Vor rund 130 Jahren erschien eine Festschrift zum 25-jährigen Jubiläum des evangelischen Mägdehauses, Martha-Stift. Gegründet wurde es 1864. 1887 wurde ihr der Status einer juristischen Person verliehen. Der Satzung kann man entnehmen, dass es „stellensuchenden und dienstsuchenden Mägden“ einen zeitweiligen Aufenthalt gewährte sowie heranwachsende Mädchen nach zurückgelegter Schulzeit in den praktischen Arbeiten des häuslichen Lebens unterrichtete und damit die Mädchen und jungen Frauen zu einem „selbstständigen Broterwerb“ befähigte. Die Mädchen und jungen Frauen sollten vor den mannigfaltigen Verführungen der Großstadt noch einige Zeit geschützt werden bzw. angeleitet werden diesen zu widerstehen und somit vor „sittlichen Verderben“ bewahrt werden. Für die Betreuung und für den Unterricht waren die Kaiserswerther Diakonissen verantwortlich.

Aufnahmebedingungen

Wie durch die Satzung bereits deutlich gemacht, sprach das Stift zwei Gruppen an. Zum einen war es eine Mädchenbildungsanstalt zur Ausbildung von Dienstmädchen und zum anderen eine Herberge für bereits ausgebildete Dienstmädchen, die Unterstützung bei der Erlangung einer Dienststelle benötigten. Für beide Gruppen gab es unterschiedliche
Aufnahmebedingungen. Die Schülerinnen mussten neben der Einverständniserklärung ihres Erziehungsberechtigten, ein Schulgeld von 160 Mark bezahlen, eine vorgegebene Anzahl an Kleidungs- und Wäschestücken mitbringen sowie eine Konfirmationsbescheinigung vorweisen.
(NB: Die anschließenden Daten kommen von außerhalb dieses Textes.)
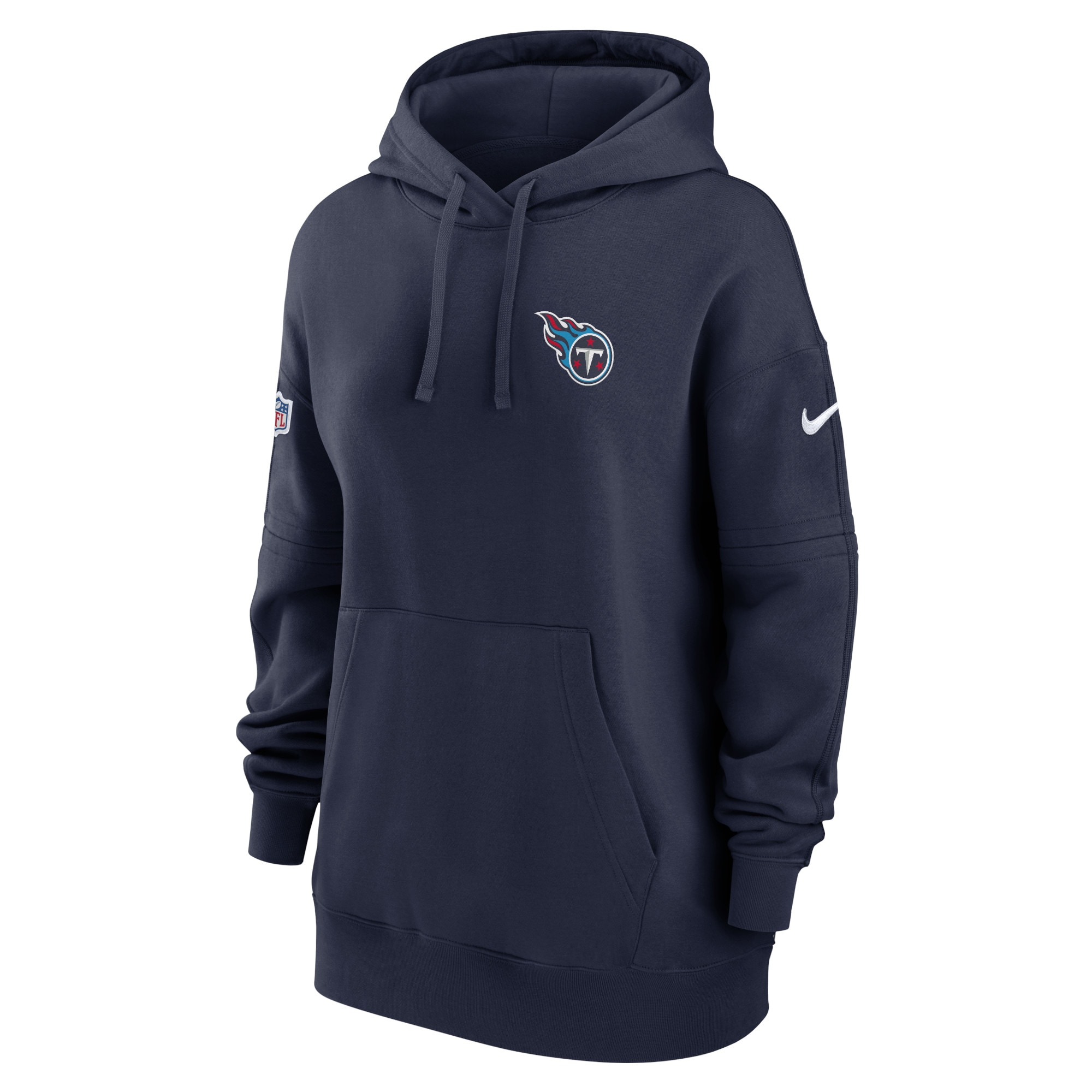 Tennessee Titans Women's 2023 Sideline Club Fleece Pullover Hoodie - Navy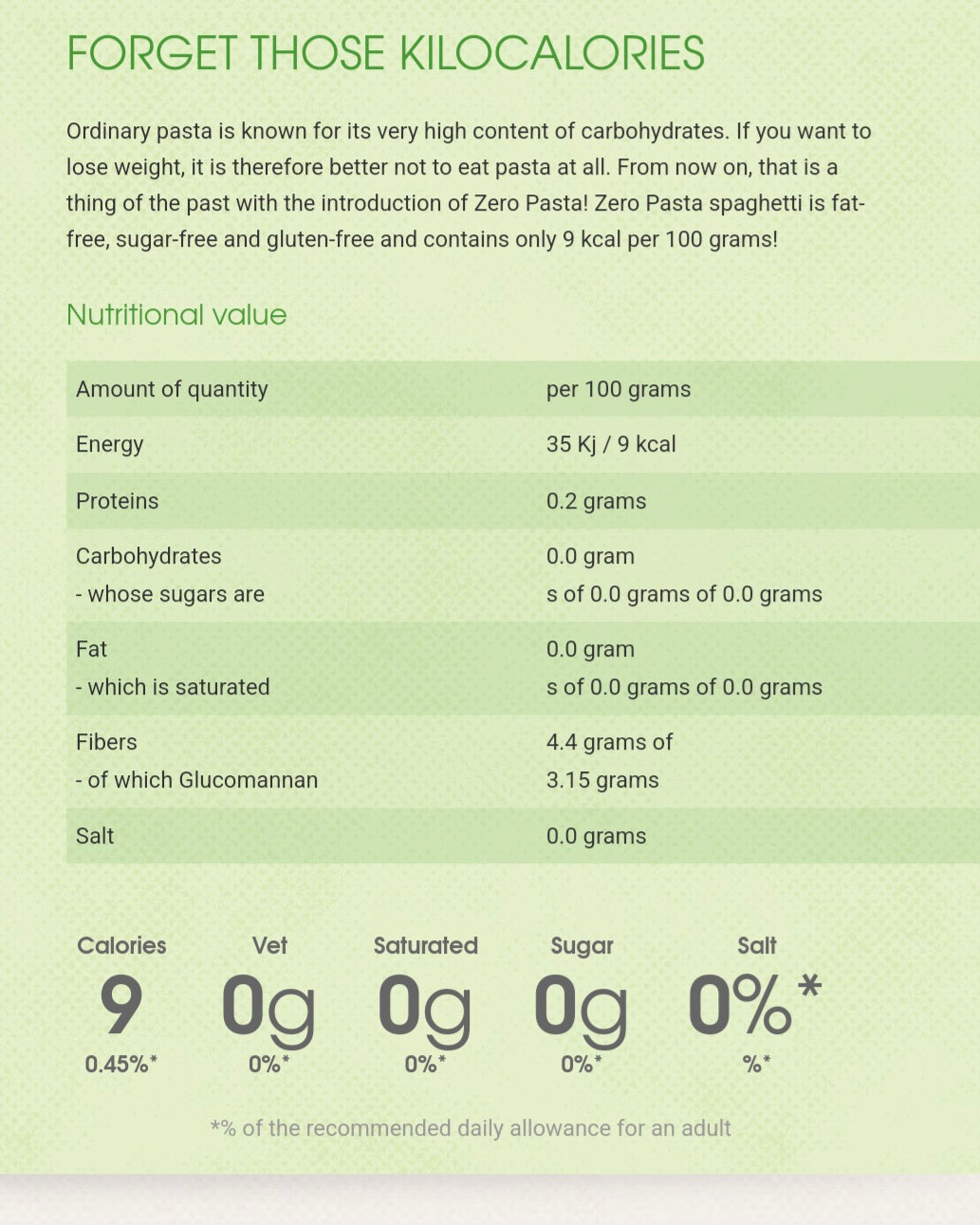 Zero Pasta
Die arbeitssuchenden Dienstmädchen mussten einen guten Ruf besitzen, das Dienstbuch musste tadellos sein. Sie verpflichteten sich Aufgaben im Stiftshaus wie kochen, bügeln und Wäsche waschen zu übernehmen. Von dieser Bereitschaft war auch die Höhe der Summe, welche sie für die Aufnahme zu entrichten hatten, abhängig. Bspw. sollten Frauen, die sich nicht an der Hausarbeit beteiligen wollten 80 Pfennig bezahlen. Frauen hingegen, die solche Aufgaben übernahmen, mussten nur 20 Pfennig
bezahlen. Allen Bewohnerinnen jedoch stand es offen sich der kostenfreien, beruflichen Vermittlungstätigkeiten der Kaiserswerther Diakonissen zu bedienen.

Das Ende des Vereins

Im Zuge der Industrialisierung und der damit eingehenden neuen Arbeitsmöglichkeiten für Frauen ließen sich immer weniger junge Mädchen zu Dienstmädchen ausbilden. Ein Motiv lag darin, dass junge Frauen nicht mehr „dienen“ wollten. Sie zogen eine Beschäftigung in der Fabrik vor. Im Laufe der Jahre fiel es dem Vorstand immer schwerer neue Sponsoren zu finden sowie auch neue Schülerinnen für sich zu gewinnen, sodass sich der Verein nun der Seniorenbetreuung annahm. Dieses Tätigkeitsfeld wurde bis zur Zerstörung des Hauses im Zweiten Weltkrieg und etwas darüber hinaus beibehalten. Am 18.05.1956 verkündete der Vorsitzende des verbliebenen Kuratoriums, Alfred Vorster, dass der Verein „Martha-Stift e.V.“ aufgelöst werde. Das Restvermögen werde der evangelischen Gemeinde Köln übertragen unter der Bedingung gemeinnützige Projekte damit zu
unterstützen. Dies tat die Gemeinde Köln auch, indem sie mit dem Geld den Wiederaufbau des Clara-Elisenstiftes, welches vorher am Rothgerberbach stand, an neuer Stelle, auf dem Kartäuserwall, finanzierte.